This Lecture is also in conjunction with the University of East London and is the first guest lecture of the new academic year for about half the audience in the fairly austere Lecture theatre. The institute didn't bother to keep the cafe open to allow us to buy a drink of some sort which seemed strange, but then the receptionist was handwriting the tickets! A lovely quaint touch in such a super modern building.

This lecture was quite similar to the one I saw at Cafe Oto earlier in the year, but less intense as Pat took us through the book once more telling us of the liberation struggles of the 60's and 70's through the prism of the music that accompanied the struggles of Martin Luther King and Stokely Carmichael. The need for the sit downs and on through Huey Newton and Bobby Seales ten point plan. Then we are in the world of the Black Panthers once more and as always the tale of Elaine Brown's rise to power and also all of the Panthers Reach Out programs bringing services to the communities around them.

But of course, this is leavened out by how mainstream culture is trying to cash in on the movement with even the Partridge Family having a Black Power episode called Soul Club. Pat shows us a very cool and funny clip from that with actual Black Panthers playing violins with the Partridge Family for added surreality.
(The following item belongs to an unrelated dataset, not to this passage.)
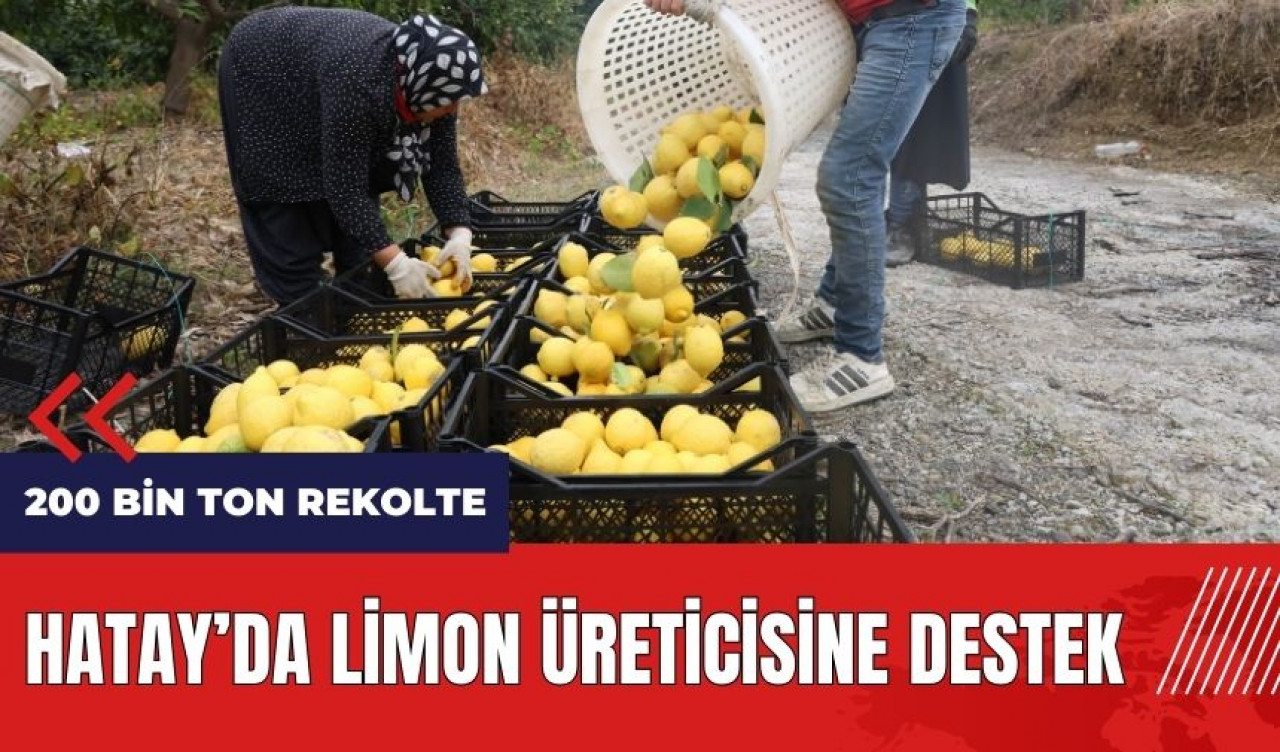 Hatay'da limon üreticisine destek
As ever, for music nuts like me, the whole Motown Black Forum story always fascinates me, how the label Berry Gordy funded and distributed could be made to disappear from the story. And the music and lectures released on Black Forum all need to be heard still. Did Berry really need to shred the contracts?

Then we are onto one of the treasures on the CD; the first ever reissue of Bob Dylan's George Jackson: about his murder in Soledad Prison while allegedly hiding a gun under his afro!! This leads us onto the birth of rap with the Watts Prophets Rappin' Black in a White World and the brilliant comedy of Dick Gregory's Brown Strength Routine - a piece that still holds up as true in many respects today.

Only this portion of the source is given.